When you graph a linear equation, you represent it visually on the coordinate plane. Each equation results in a straight line. To graph a linear equation, it's often helpful to convert it into slope-intercept form (more on that later).

• Select a few values for x, substitute these into the equation, and solve for y, this gives points on the line.
• Plot these points on the graph, and connect them with a straight line.

Graphing two linear equations on the same set of axes can help you understand how the two interact. It's important to do this accurately, particularly when identifying where lines might intersect.

The slope-intercept form of a linear equation is expressed as \(y = mx + b\).

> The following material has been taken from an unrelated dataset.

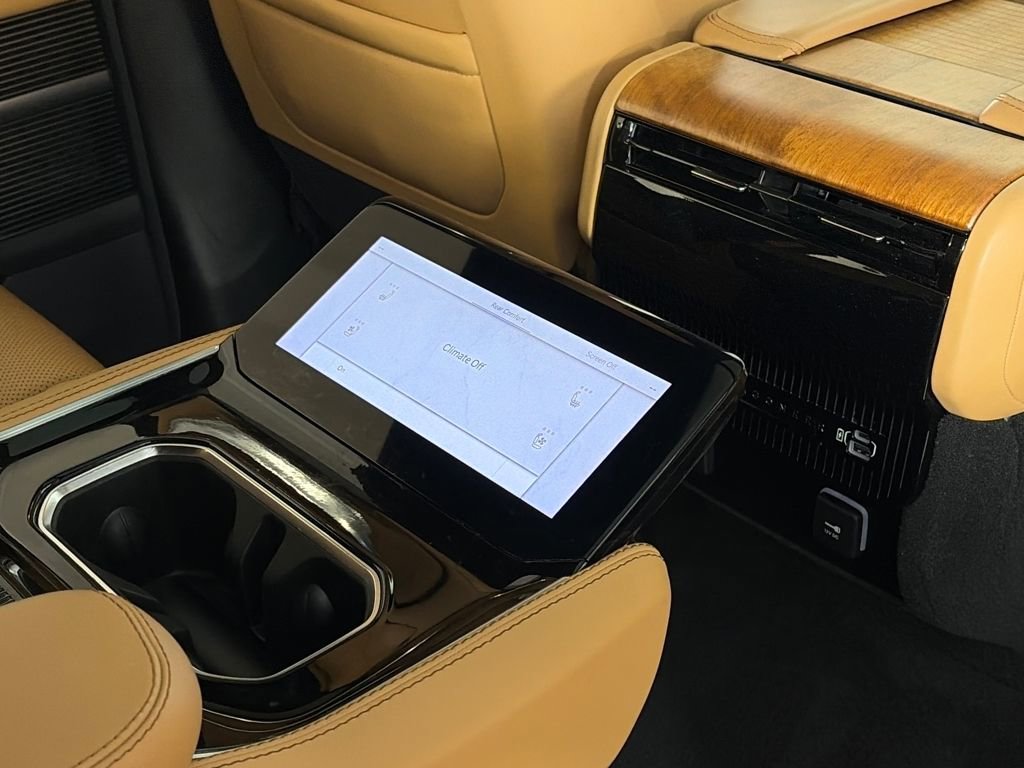 Used 2023 Jeep Grand Wagoneer L Series III w/ Rear Seat Video Group 1 image 30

This form is particularly helpful for graphing because it clearly indicates both the slope and the y-intercept of the line.- **Slope (m):** This is the steepness of the line, showing how much y changes for a change in x. A positive slope means the line rises, while a negative slope means it falls. - **Y-intercept (b):** This is where the line crosses the y-axis. It tells you the value of y when x is 0.By rearranging any linear equation into this form, you can quickly identify these characteristics, making it easier to graph accurately and understand the relationship represented by the equation.

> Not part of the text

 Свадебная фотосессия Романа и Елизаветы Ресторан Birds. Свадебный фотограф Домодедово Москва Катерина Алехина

A system of equations can be classified based on whether they produce a solution and if so, how many: - **Consistent Systems:** These have at least one solution. If two lines intersect at any single point, the system is consistent and has one solution. - **Inconsistent Systems:** These have no real solution. If lines are parallel and never intersect, the system is inconsistent. - **Dependent Systems:** These have an infinite number of solutions. This happens when the two lines are actually the same line, overlapping entirely on the graph. Understanding these terms helps determine the nature of the solutions when dealing with multiple equations.

The intersection of lines represents the point where two lines cross each other on the graph. This point is crucial because it signifies the solution to the system of equations.

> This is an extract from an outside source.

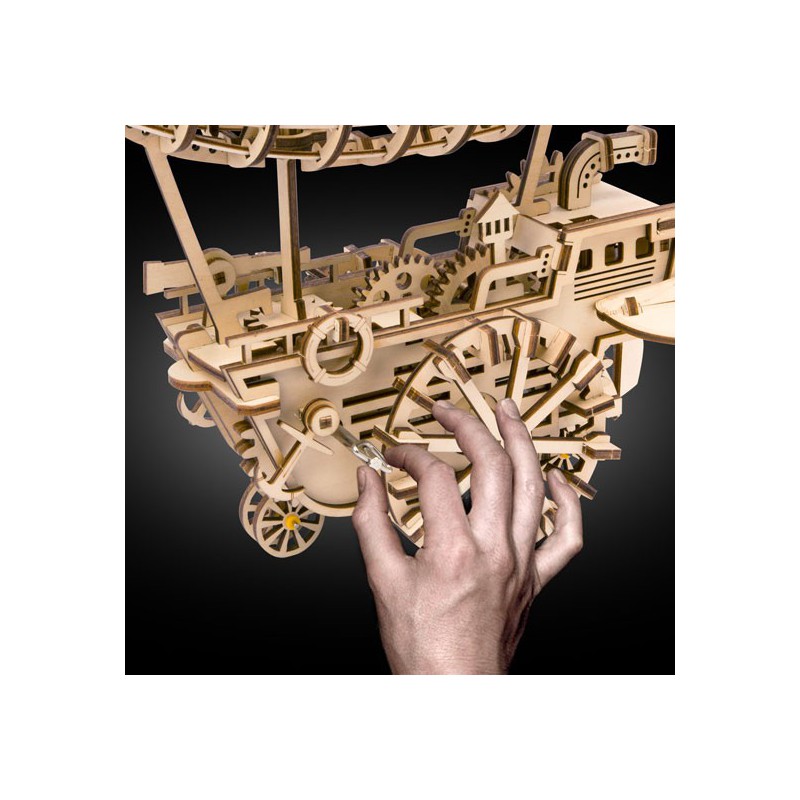 Roboter -Luftfahrzeug 3D -Puzzle | Scientific-MHD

• If lines intersect at a single point, that point is the only solution, making the system consistent.
• Parallel lines never meet, indicating no solution and making the system inconsistent.
• Coinciding lines, or overlapping lines, share all points, indicating infinite solutions and a dependent system.

Finding the intersection through graphing allows us to visually verify solutions, reinforcing the conceptual understanding of algebraic results.